Yang Zheng of Thousand Oak CA (US)

Trung Pham of Santa Clara CA (US)

Minwoo Park of Saratoga CA (US)

OBJECT DETECTION USING POLYGONS FOR AUTONOMOUS SYSTEMS AND APPLICATIONS - A simplified explanation of the abstract

This abstract first appeared for US patent application 20240282118 titled 'OBJECT DETECTION USING POLYGONS FOR AUTONOMOUS SYSTEMS AND APPLICATIONS

    • Simplified Explanation:**

The patent application discusses how object detectors in systems like autonomous driving can regress bounding polygons for detected objects. This involves determining regression data for the shape of an object and generating a bounding shape based on this data.
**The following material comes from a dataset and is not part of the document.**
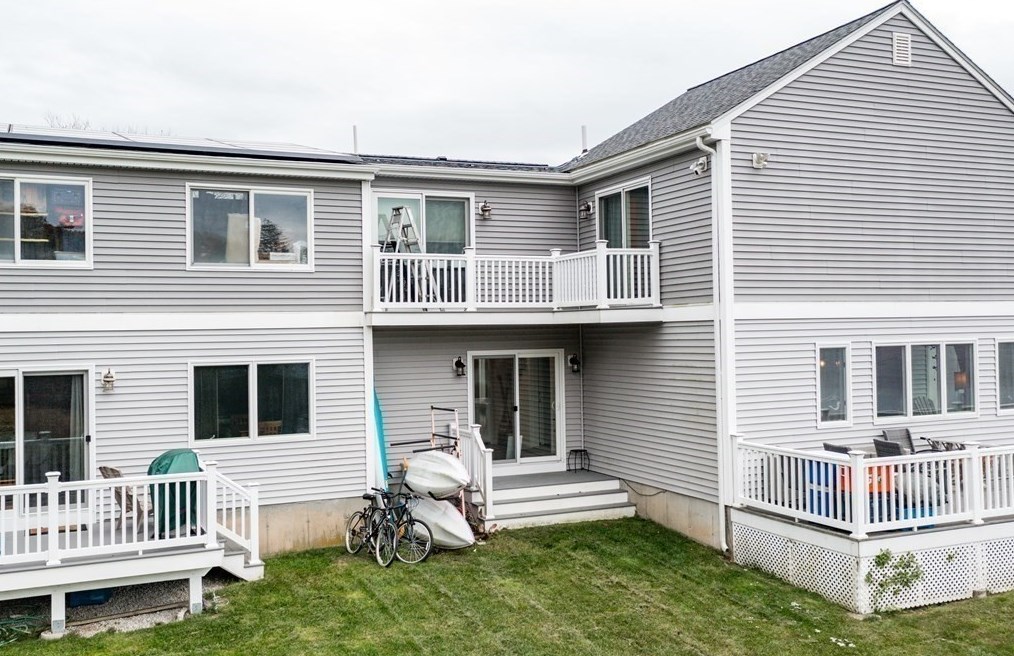 109 Pilot Dr, Fall River MA 02726-5907 exterior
    • Key Features and Innovation:**
  • Object detectors regress bounding polygons for detected objects.
  • Regression data includes angles and lengths of vectors for the polygon.
  • Bounding shapes are generated based on regression data.
  • Object detectors can be trained by deforming polygons to match ground truth.
    • Potential Applications:**

This technology can be applied in autonomous driving systems, surveillance systems, robotics, and any other system requiring object awareness, identification, avoidance, and localization.

    • Problems Solved:**

This technology addresses the need for accurate object detection and localization in various systems, improving safety and efficiency.

    • Benefits:**
  • Enhanced object detection accuracy.
  • Improved object localization.
  • Increased system efficiency and safety.
    • Commercial Applications:**

Title: Advanced Object Detection and Localization Technology for Autonomous Systems This technology can be utilized in autonomous vehicles, security systems, industrial automation, and smart city infrastructure, leading to safer and more efficient operations.

    • Prior Art:**

Researchers can explore prior art related to object detection, regression algorithms, and geometric modeling in computer vision and machine learning literature.

    • Frequently Updated Research:**

Researchers are continually developing new algorithms and techniques to improve object detection and localization accuracy in various applications.

    • Questions about Object Detection and Localization Technology:**

1. How does this technology improve the accuracy of object detection in autonomous systems? 2. What are the key challenges in training object detectors to regress bounding polygons accurately?


Original Abstract Submitted

in various examples, one or more object detectors may regress bounding polygons for detected objects in systems (e.g., autonomous or semi-autonomous driving systems and applications) that provide object awareness, object identification, object avoidance, and/or object localization. the object detector may determine regression data representing a regressed polygon associated with a given shape of a detected object represented by classification data determined from a scene. the object detector may determine regression data for different regressed angles between different pairs of successive vertices of the regressed polygon and regressed lengths of vectors from a regressed geometric center of the regressed polygon to vertices of the regressed polygon. the object detector may generate, based at least in part on the regression data, a bounding shape for a detected object in the scene. in some embodiments, the object detector may be trained by deforming a regressed polygon to match a ground truth polygon.